Humble Bundle V, released in May 2012, is generally considered to have offered the best deal. It included critically acclaimed indie hits like Bastion, Limbo, Braid and the horror masterpiece Amnesia: the Dark Descent. While not achieving the success of that iteration of the deal, I think that this week’s Bundle 9 comes close. Pay more than the average ($4.61 at the time of writing) and you’ll get three truly excellent games: Mark of the Ninja, FTL: Faster Than Light and Fez. Consider the other three games in the bundle, as well as those not yet added to it, as icing on the cake.
Mark of the Ninja is a two-dimensional stealth side-scroller. You play the titular ninja as he battles against both external foes and growing doubt within himself. Although the story is cliché and the gameplay is somewhat thin in terms of content and variety, Mark of the Ninja is nonetheless a very solid, clean and beautifully-drawn game. It alone justifies a $5 price tag. If you want to know more about this game, check out my review of it last March, in issue 148-18. Now, on to the two titles that really make this Bundle stand out.
On the surface, FTL is a very simple game. You are a lone ship captain tasked with delivering some vital information to an allied fleet across the galaxy. All the while you are pursued by a large rebel fleet and must stay ahead of them while hanging back long enough to gather critical supplies.

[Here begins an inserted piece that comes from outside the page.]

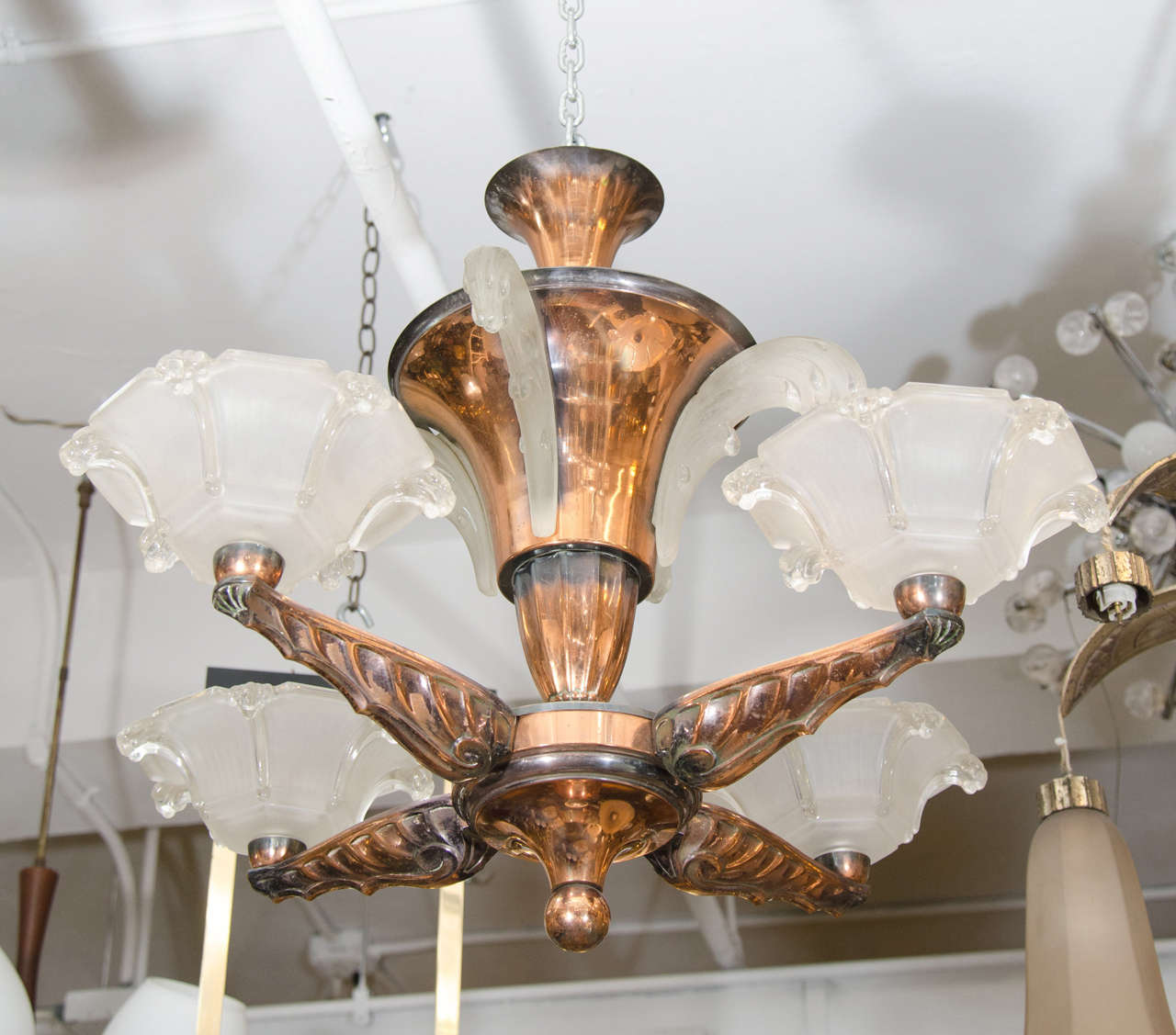 French Art Deco Copper and Glass Water Fountain Two-Tier Chandelier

A full run won’t last longer than an hour or so; FTL relies on the high degree of variety in replays to make a full game.
There are two main interfaces. One displays the interior of your ship, with its various rooms and crew members, alongside a similar (albeit fog-shaded) display of whatever other ships you encounter. The other is a sector map, which shows the various routes you can take to get to your destination; but you spend the majority of game time on the first screen, where the bulk of action takes place.

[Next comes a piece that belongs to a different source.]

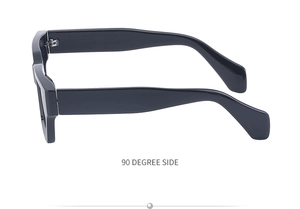 Steampunk Y2K sunglasses with wide temples and retro black frame from a side view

But to call it action would be a misnomer. Combat in FTL constitutes more of a complex puzzle. You have control of all of your ship’s systems and can pause the game at will. How you defeat your foe is your call. You can temporarily divert power from your life support systems to boost your weapons, reactivating them just in time for your crew to breathe. You can invest in an expensive droid control system to harass the enemy, or buy a teleportation deck to send an assault squad to wreak havoc on the interior of the enemy ship. Trying out new tactics and adopting the ones that work for you are is the way to play FTL. Paired with a sleekly minimalistic design and an absorbing soundtrack, FTL’s gameplay will leave you coming back for study breaks over the next few months. If I had to pick one game from Bundle 9 as a true winner though, it would without a doubt be Fez. This game charmed the pants off of me. You play as Gomez, a pixelated little chap living in a two-dimensional world. His world is transformed — quite literally — when a mysterious cube speaking a strange language bestows upon him the titular three-dimensional hat, which ostensibly gives him the power to see his world in an entirely new light. The world is three-dimensional, but you only see two dimensions at a time. Imagine if you could take the first stage of Super Mario Bros and rotate it 90 degrees, and there you have the idea behind Fez.
This central conceit makes for an incredibly entertaining platformer from the start. The environments in the game are varied and interesting. The sounds created from Gomez’s interactions with the world, especially when you solve a difficult puzzle, are extremely gratifying. In a sentence, Fez is a joy to play.
But this only scratches the surface of Fez’s appeal; the first play through is the just the tip of the gameplay iceberg. If you become obsessed with the quest to collect all of the anticubes, Fez’s maddening purple collectible, you’ll soon be sucked into a world of puzzles unprecedented in video gaming. Collecting the cubes nearly superseded my studying for final exams as a goal during the spring of 2013. This is, as some have put it, “the real Fez,” and it is what really makes the game special.
If I didn’t already own the three games mentioned above, I would jump on the opportunity to buy Humble Bundle 9. They easily justify a price of $10, $15, even $25. At full retail, all six games would go for $120. It would be a crime for any lover of games, or even a casual player, to pass up an opportunity to own these for a measly $5.